Deux projets de recherche sur les biocarburants sont en cours en Région wallonne, il s'agit de:

  • LlGNOFUEL, qui vise au développement d'une filière intégrée pour la production de biocarburants de 2ème génération à partir de lignocelluloses. Le projet a démarré le 1er janvier 2008 et la clôture est prévue le 31 décembre 2011. Le budget global de ce projet est de 1 357 880 euros.
  • FUNGERGY, qui propose une meilleure autonomie énergétique des bâtiments grâce aux déchets, en particulier la digestion fongique pour une solution sans résidus. Le projet a démarré le 1er janvier 2007 et s'est clôturé le 31 décembre 2010. Le budget global de ce projet est de 280 455 euros.

L'essentiel est de favoriser les biocarburants qui présentent la meilleure performance environnementale en termes de réduction des émissions de CO2 et de respect des critères de durabilité plutôt que de se baser sur des « types» de biocarburants et c'est pourquoi une série de garde-fous ont été instaurés dans la directive énergies renouvelables, y compris par rapport à la disponibilité et au prix des matières premières agricoles.

Afin de respecter les critères sociaux et environnementaux, la Directive 2009/28 met en place un système de critères de durabilité pour les biocarburants et les bioliquides. Le volet relatif aux biocarburants relève des compétences fédérales, un Arrêté royal est d'ailleurs en préparation afin de transposer en droit belge les dispositions prévues par la Directive. Le volet bioliquides relève des compétences régionales, la transposition est également en préparation au moyen d'un projet d'arrêté du Gouvernement wallon modifiant l'arrêté du Gouvernement wallon du 30 novembre 2006 relatif à la promotion de l'électricité produite au moyen de sources d'énergie renouvelable ou de cogénération.

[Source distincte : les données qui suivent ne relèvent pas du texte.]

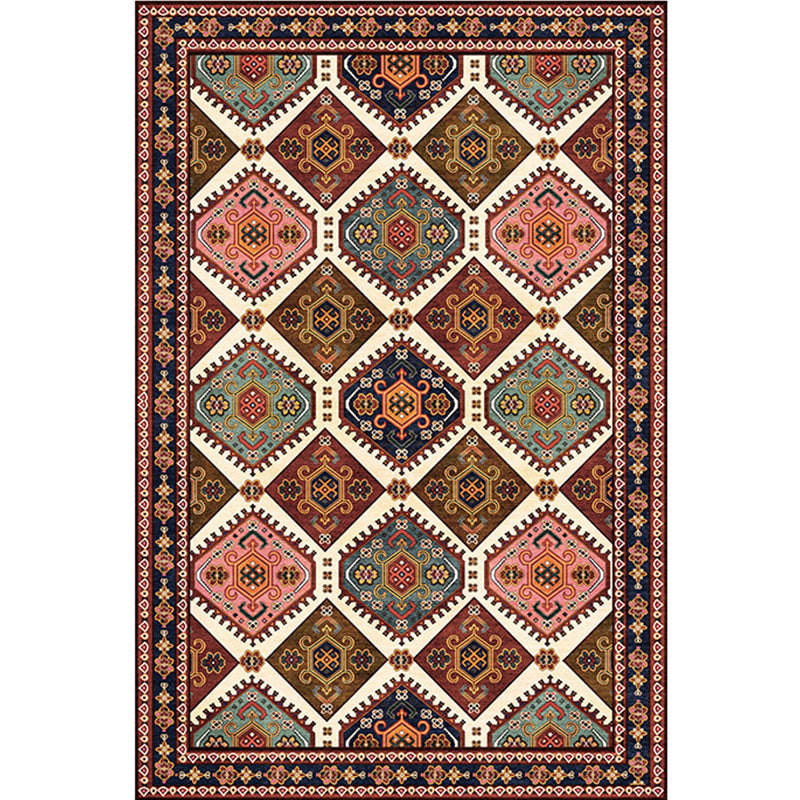 BowLift | Antique Moroccan rug with colorful geometric pattern, non-slip, pet-friendly, stain-resistant rug for the room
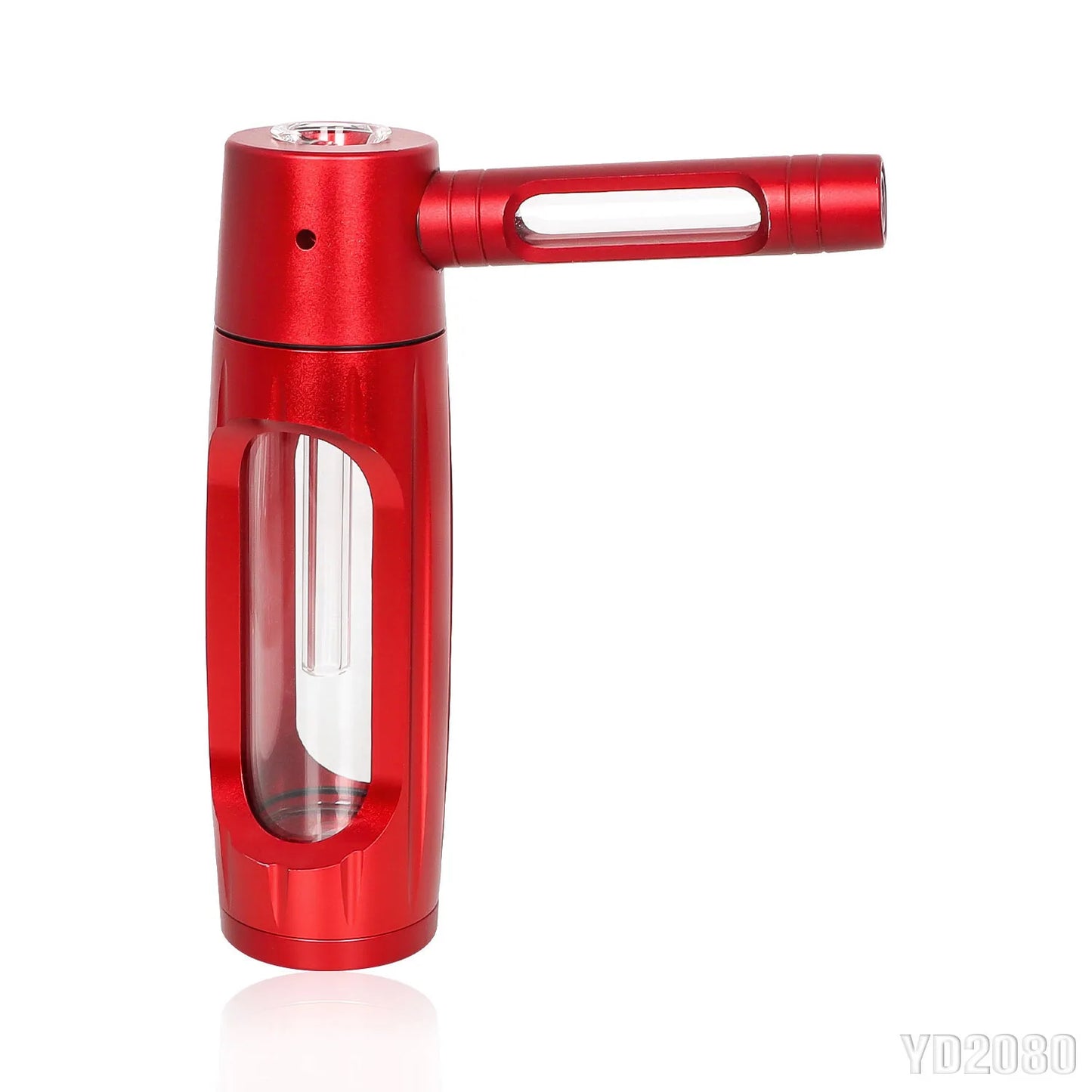 PIPE11 - Pipa portatile in metallo con bracieri in vetro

Ces deux projets d'arrêtés reprennent les dispositions prévues par la Directive, c'est-à-dire, dans les grandes lignes, que les biocarburants et bioliquides devront permettre une réduction d'émission de CO2 de minimum 35% puis, à partir de 2017, de minimum 50% pour les installations existantes et 60% pour les nouvelles installations. Ces réductions d'émissions devront être prouvées par une analyse de cycle de vie et en comparaison avec les carburants fossiles.